SOFT, SNACK AND MUSHROOMED CINNAMON BREAD
The cinnamon bread is spongy and airy and filled with the most delicious buttery cinnamon remnant with brown sugar. The amount of filling has been screwed up well, so the whole bread is insanely snazzy, sticky and delicious without dry dull edges. This bread requires napkins when ingested – and plenty of them!
CINNAMON BREAD WITH MARZIPAN IN COLLABORATION WITH THE ROLLING MILL
For the bread, I have used Valsemøllen’s organic wheat flour, which I have written a lot about here before. This is the wheat flour I almost always use, because the flour has excellent baking properties, is easy to work with and contributes a nice mild taste. The wheat flour is ingenious for soft and airy pastries like this cinnamon cake, which at the same time becomes crispy on top.
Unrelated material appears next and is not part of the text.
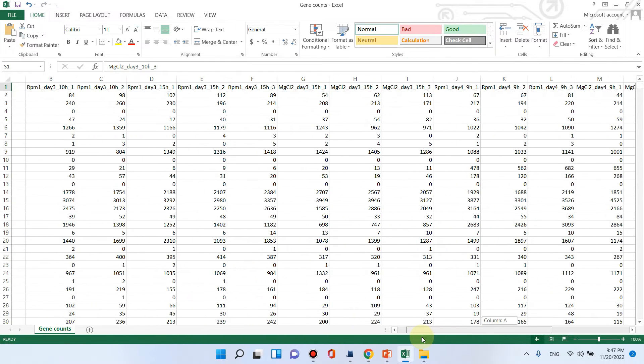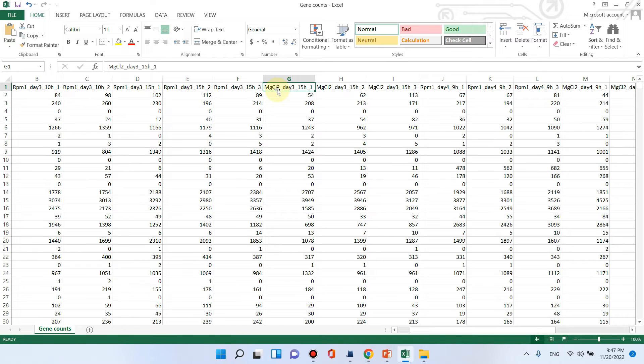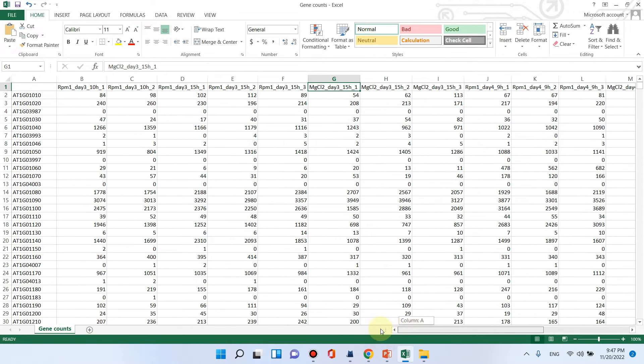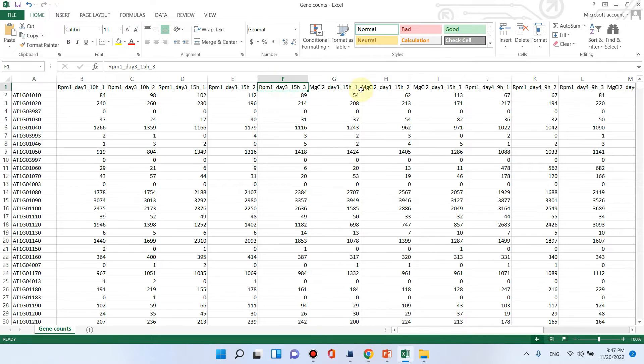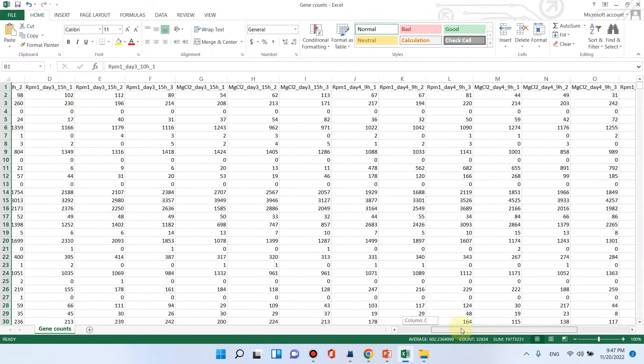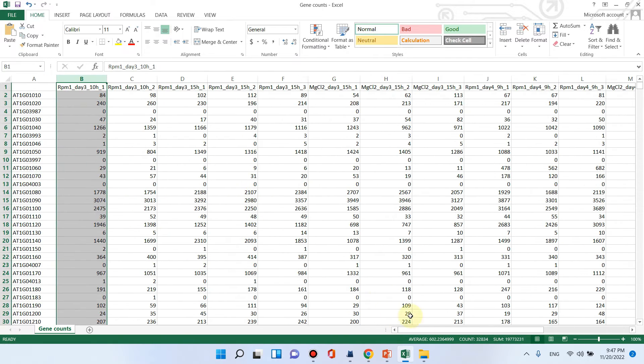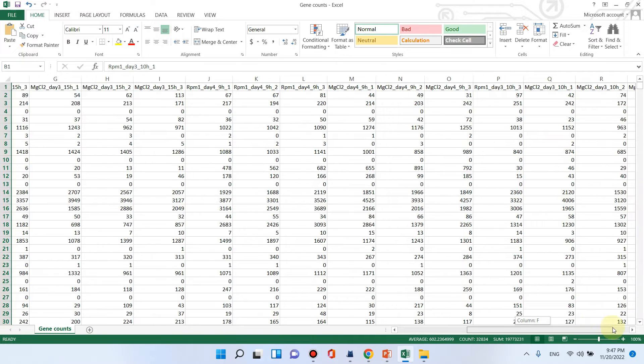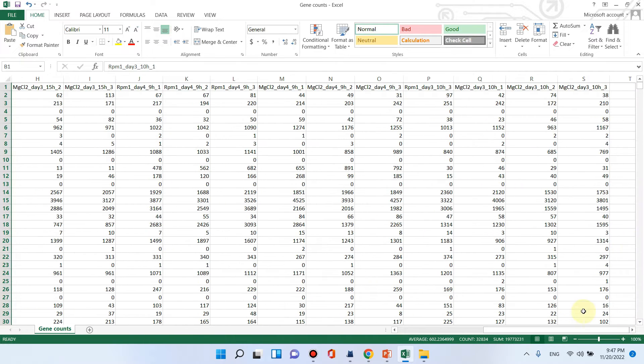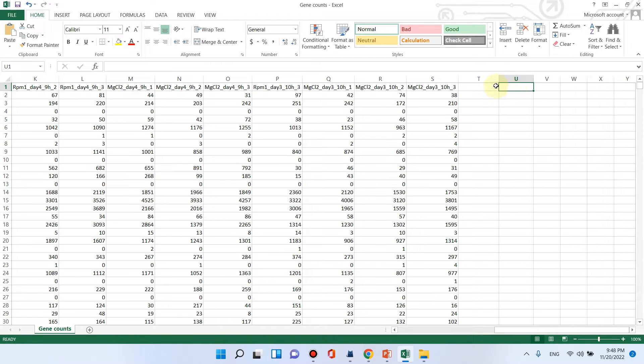Actually in this experiment they have used two treatments, one is RPM and the second is MgCl2. They applied RPM and MgCl2 on the leaves of Arabidopsis plants and checked the growth and compared the RNA-seq data at different days. You can see here in all the columns only the gene counts data is given. You can also give your read counts data from your experiment but you don't need to give at the end like any log FC value or p value. After the gene counts data all the columns are empty.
I have twisted my cinnamon bread so that they have a slightly rustic look, but you can twist or braid the bread exactly as you like. Just remember to fold the ends well under the loaves so that all the filling does not flow out during baking.
But most importantly, the taste and airiness are guaranted just as valid whether you string or braid: Valsemøllen and I made sure of that!
Ingredients
Dough
250 ml of full fat milk
25 g yeast
½-1 teaspoon crushed cardamom
60 g sugar
1 egg (+ 1 for brushing)
525 g wheat flour
½ teaspoon coarse salt
80 g soft butter (diced)
Filling:
200 g soft butter
200 g brown sugar
15 g cinnamon
Other
100 g marzipan (grated)
Pearl sugar
Instructions
Dough
Pour the milk into a bowl and stir the yeast into it.
Add cardamom, sugar, eggs and also flour. Stir the ingredients together until there are no lumps, then add salt.
Knead the dough until it is smooth, glossy and releases the bowl, and put the butter cubes in the dough approx. halfway. I use a mixer on medium speed and it takes my machine 10-15 min to finish kneading the dough.
Leave the dough to rise in a warm place for an hour under a cloth, and then ½ hour in the fridge.
Filling
Whisk butter, brown sugar and cinnamon together until slightly fluffy. Whipping rather than stirring makes it much easier to spread on the dough later.
Cinnamon Bread
Turn the oven to 200 degrees.
The dough is turned out on a table sprinkled with flour and rolled out into a rectangle with a thickness of approx. 1/2 cm.
Toss the remnant over the dough with a spatula so that it is evenly distributed (and comes out in all corners). Sprinkle with grated marzipan.
Carefully roll the dough into a sausage and pull it out so that it stays a little longer. Halve the sausage in length so you have two equal-length sausages.
Halve both sausages in the middle of the cinnamon snail with a bread knife, but preserve part of one end. Be careful not to squeeze so hard that the remnant smokes out. Twist the two sausages and place them on a baking sheet with a good distance between them. They raise a lot! It is important that the ends are well stapled under the loaves so that the filling does not flow out too much.
Halve both sausages in the middle of the cinnamon snail with a bread knife, but preserve part of one end. Be careful not to squeeze so hard that the remnant smokes out. Twist the two sausages and place them on a baking sheet with a good distance between them. They raise a lot! It is important that the ends are well stapled under the loaves so that the filling does not flow out too much.